🎭 Extra-Ordinary Language

COLLINS WESTNEDGE
JAN 11, 2026

Introduction

I’ve been thinking about a conversation I had with a former colleague about language that defies ordinary usage. More specifically, expressions that push back against the core tenet of distributional hypothesis and yet carry high degrees of intentionality and depth.

When Kafka wrote “A cage went in search of a bird,” he created something that on the surface seems impossible and yet expresses a profound and insidious truth. Current AI systems, for all their linguistic sophistication, rarely produce such language spontaneously. They excel at coherent, informative prose but struggle with the kind of intentional violations that define great literature.

In this post, I’m dog-earing these thoughts to revisit later. The aim here is to understand what makes these expressions work and more critically, the mechanisms by which models may surface or suppress them.

Literary Examples

So they lov’d, as love in twain
Had the essence but in one;
Two distincts, division none:
Number there in love was slain.

Hearts remote, yet not asunder;
Distance and no space was seen
Twixt this Turtle and his queen

Shakespeare, The Phoenix and the Turtle

A cage went in search of a bird.

Kafka, Aphorisms

You must go on. I can’t go on. I’ll go on.

Beckett, The Unnamable

Merry and tragical! Tedious and brief!
That is, hot ice and wondrous strange snow.
How shall we find the concord of this discord?

Shakespeare, A Midsummer Night’s Dream

Core Characteristics

Because of their intentionality and depth, I’m going to call these violations of “ordinary use” extra-ordinary use, or ExO language. They don’t obscure meaning; instead, they elucidate by way of contradiction or violated expectation. These literary examples share a unifying feature: they present a literal semantic breakdown in one domain that creates insightful or profound resonance in another (metaphorical, allegorical, or abstract).

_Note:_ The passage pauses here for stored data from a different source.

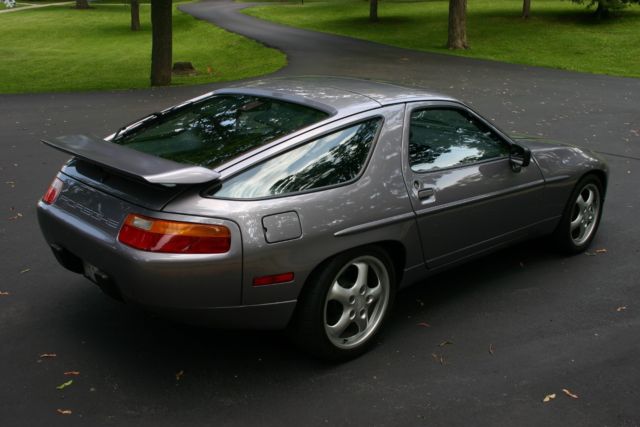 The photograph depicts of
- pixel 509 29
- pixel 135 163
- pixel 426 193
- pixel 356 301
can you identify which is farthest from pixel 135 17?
pixel 356 301

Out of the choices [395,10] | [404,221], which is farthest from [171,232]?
[395,10]

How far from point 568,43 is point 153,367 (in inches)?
1233

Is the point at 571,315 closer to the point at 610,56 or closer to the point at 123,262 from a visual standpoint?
the point at 123,262

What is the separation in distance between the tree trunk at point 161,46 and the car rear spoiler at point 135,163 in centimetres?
Result: 1521

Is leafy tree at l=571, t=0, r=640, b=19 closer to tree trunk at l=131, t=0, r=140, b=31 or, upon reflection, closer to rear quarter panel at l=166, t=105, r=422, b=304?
tree trunk at l=131, t=0, r=140, b=31

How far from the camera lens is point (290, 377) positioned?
3.96 meters

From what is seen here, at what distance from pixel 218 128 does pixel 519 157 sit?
2.19 meters

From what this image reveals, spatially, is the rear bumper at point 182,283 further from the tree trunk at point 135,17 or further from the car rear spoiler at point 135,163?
the tree trunk at point 135,17

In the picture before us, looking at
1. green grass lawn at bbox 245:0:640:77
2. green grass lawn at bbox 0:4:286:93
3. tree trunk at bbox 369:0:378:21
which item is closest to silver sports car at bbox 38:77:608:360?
green grass lawn at bbox 0:4:286:93

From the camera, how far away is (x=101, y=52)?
32.3m

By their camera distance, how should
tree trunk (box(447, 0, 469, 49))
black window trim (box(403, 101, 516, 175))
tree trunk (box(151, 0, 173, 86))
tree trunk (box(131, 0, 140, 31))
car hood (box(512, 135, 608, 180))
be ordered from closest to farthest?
black window trim (box(403, 101, 516, 175)) → car hood (box(512, 135, 608, 180)) → tree trunk (box(151, 0, 173, 86)) → tree trunk (box(447, 0, 469, 49)) → tree trunk (box(131, 0, 140, 31))

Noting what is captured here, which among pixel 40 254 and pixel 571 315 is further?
pixel 40 254

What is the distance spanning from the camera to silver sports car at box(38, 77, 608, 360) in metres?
3.61

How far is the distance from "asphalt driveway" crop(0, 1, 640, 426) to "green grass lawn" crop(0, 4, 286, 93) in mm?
14464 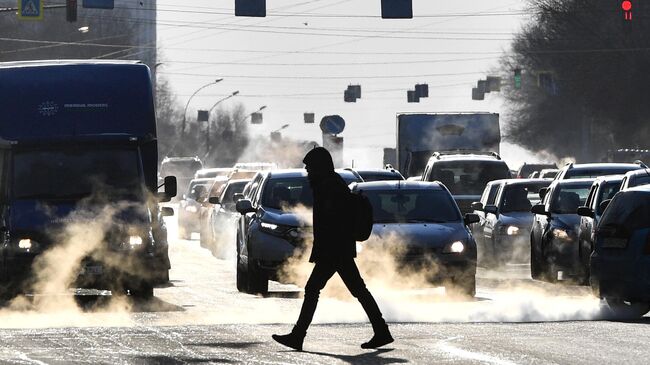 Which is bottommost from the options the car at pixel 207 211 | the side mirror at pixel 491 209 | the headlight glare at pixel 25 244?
the car at pixel 207 211

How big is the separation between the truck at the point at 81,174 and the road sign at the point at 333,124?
73.3 ft

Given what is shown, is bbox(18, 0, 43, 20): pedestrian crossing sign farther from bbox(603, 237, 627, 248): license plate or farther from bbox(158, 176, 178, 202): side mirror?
bbox(603, 237, 627, 248): license plate

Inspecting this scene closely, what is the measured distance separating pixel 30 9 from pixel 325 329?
31917mm

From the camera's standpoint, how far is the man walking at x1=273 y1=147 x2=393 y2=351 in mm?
16094

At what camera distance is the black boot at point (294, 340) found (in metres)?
16.0

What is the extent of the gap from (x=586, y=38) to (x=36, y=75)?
224ft

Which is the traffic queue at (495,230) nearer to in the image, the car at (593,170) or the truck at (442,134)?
the car at (593,170)

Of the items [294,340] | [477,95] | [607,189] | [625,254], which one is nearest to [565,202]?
[607,189]

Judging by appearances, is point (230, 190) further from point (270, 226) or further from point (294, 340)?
point (294, 340)

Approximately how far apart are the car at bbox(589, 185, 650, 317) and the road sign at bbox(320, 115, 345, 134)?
25.8 meters

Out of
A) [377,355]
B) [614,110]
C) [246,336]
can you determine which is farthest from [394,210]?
[614,110]

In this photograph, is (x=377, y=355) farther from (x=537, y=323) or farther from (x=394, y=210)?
(x=394, y=210)

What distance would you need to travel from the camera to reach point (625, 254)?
19.9 meters

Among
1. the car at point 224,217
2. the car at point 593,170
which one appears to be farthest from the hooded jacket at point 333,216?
the car at point 224,217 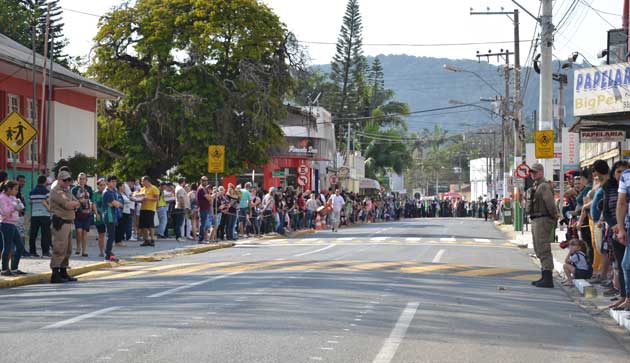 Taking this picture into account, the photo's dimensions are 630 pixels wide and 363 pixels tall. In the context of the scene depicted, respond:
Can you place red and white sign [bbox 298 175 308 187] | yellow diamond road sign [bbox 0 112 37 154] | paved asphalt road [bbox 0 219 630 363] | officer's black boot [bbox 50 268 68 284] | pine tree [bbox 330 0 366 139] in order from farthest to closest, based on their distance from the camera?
pine tree [bbox 330 0 366 139] → red and white sign [bbox 298 175 308 187] → yellow diamond road sign [bbox 0 112 37 154] → officer's black boot [bbox 50 268 68 284] → paved asphalt road [bbox 0 219 630 363]

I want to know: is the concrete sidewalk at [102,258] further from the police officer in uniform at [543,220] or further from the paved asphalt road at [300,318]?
the police officer in uniform at [543,220]

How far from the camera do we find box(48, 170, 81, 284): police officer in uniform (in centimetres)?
1725

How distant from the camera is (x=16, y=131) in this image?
21.2 m

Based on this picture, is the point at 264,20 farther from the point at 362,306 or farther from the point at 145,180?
the point at 362,306

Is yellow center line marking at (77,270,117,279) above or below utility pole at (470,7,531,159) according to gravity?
below

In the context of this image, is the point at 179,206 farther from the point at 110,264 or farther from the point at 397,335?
the point at 397,335

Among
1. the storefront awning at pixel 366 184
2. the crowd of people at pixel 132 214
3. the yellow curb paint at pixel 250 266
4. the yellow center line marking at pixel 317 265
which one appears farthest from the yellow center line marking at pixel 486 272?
the storefront awning at pixel 366 184

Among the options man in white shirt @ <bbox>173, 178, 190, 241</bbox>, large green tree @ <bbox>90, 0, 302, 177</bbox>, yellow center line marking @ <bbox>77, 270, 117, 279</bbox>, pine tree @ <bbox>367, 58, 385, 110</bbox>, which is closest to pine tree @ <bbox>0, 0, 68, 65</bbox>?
large green tree @ <bbox>90, 0, 302, 177</bbox>

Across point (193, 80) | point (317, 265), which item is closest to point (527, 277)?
point (317, 265)

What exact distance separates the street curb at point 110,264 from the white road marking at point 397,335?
7.52 meters

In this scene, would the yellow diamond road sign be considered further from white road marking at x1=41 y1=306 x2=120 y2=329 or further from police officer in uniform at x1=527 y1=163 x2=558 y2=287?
police officer in uniform at x1=527 y1=163 x2=558 y2=287

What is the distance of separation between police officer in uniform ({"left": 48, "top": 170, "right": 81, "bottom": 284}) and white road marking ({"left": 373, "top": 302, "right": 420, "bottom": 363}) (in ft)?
23.0

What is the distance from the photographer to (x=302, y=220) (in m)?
46.2

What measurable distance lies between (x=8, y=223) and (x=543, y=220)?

As David Foster Wallace said, “we all know there’s no quicker way to empty a joke of its peculiar magic than to explain it,” and the same is true of figurative language. Still, it’s worth illustrating how these expressions may resolve through a figurative reinterpretation, albeit with some loss of “magic”:

In each case, the reader encounters a jarring violation of expectation that is only resolved through a figurative reinterpretation. One way to capture that pattern is:

\[ \text{⟦φ⟧}_{\text{literal}} = \text{⊘} \quad ; \quad \text{⟦φ⟧}_{\text{figurative}} = \psi \]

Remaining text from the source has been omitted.